As an aside, conda environments can get quite big in terms of storage they take up, and it's therefore generally not a good idea to place them into one's home directory on a shared HPC. (Home directories on shared HPCs typically have quite a limited storage quota, and group or project directories is normally where a lot more storage is available or at least where it can be added on demand.)
@samuelstevens, this should work as described in updated directions in PR #14. If you encounter any issues or something seems off, please make suggestions there too.
@samuelstevens @thompsonmj @egrace479, just curious, has this bug been resolved by this PR?
Apologies for the delay @penfever. There is still a lingering issue producing the catalog where common names are not reproduced as expected. We hope to resolve it within the next week.
Issue with null common names resolved.
@penfever, I believe this completes the fixes needed to address #13.

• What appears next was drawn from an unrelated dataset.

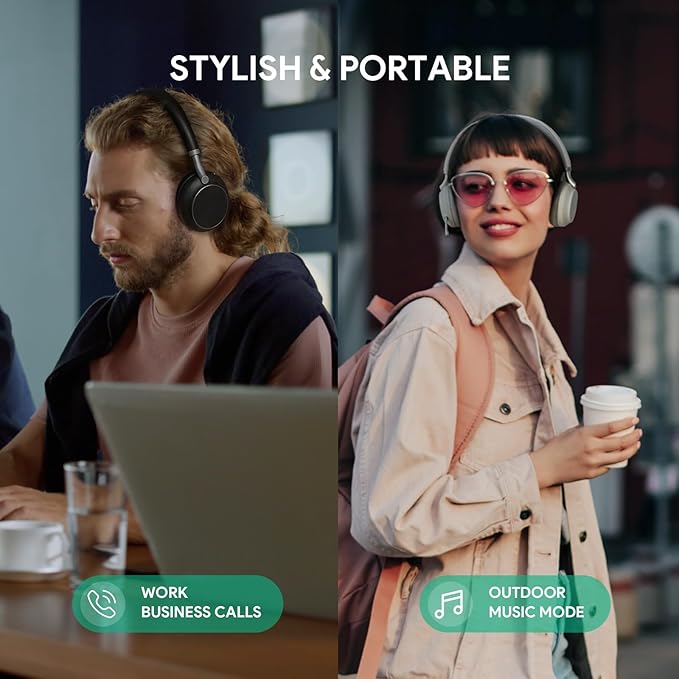 Yealink BH76 (2022 Old Edition) Wireless Headset Active Noise Cancelling (ANC) Bluetooth Headphone with Retractable Mic-Boom, Teams Certified On-Ear Headphone, up to 35h Talking Time, USB-A Dongle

Could you please attempt to build the dataset from this branch following these instructions?
Please reach out if there are additional questions and also if you are able to complete the reconstruction. It will be helpful to know that it can work in someone else's hands.
@thompsonmj, following this step in our directions:
conda env create -f requirements-training.yml --solver=libmamba -y
conda activate bioclip-train
pip install -e .
we wind up uninstalling and re-installing a bunch of packages like torch
and huggingface_hub
to get older versions (those listed in requirements.txt instead of the ones in requirements-training.yml. Seems potentially redundant to do both. Should we instead have a tol
environment to do pip install -e .
in?
... we wind up uninstalling and re-installing a bunch of packages ...
We may want to consider cleaning up the environment ...
Yes, we can address this in another PR.
Reproduction seems to be working on our end.
Right, based on my latest full dataset reproduction test run, all splits end up as expected.
@thompsonmj please check the version I updated. My copy is still running on OSC, but it does seem to be working now. I also updated the directions in #14 to match these changes.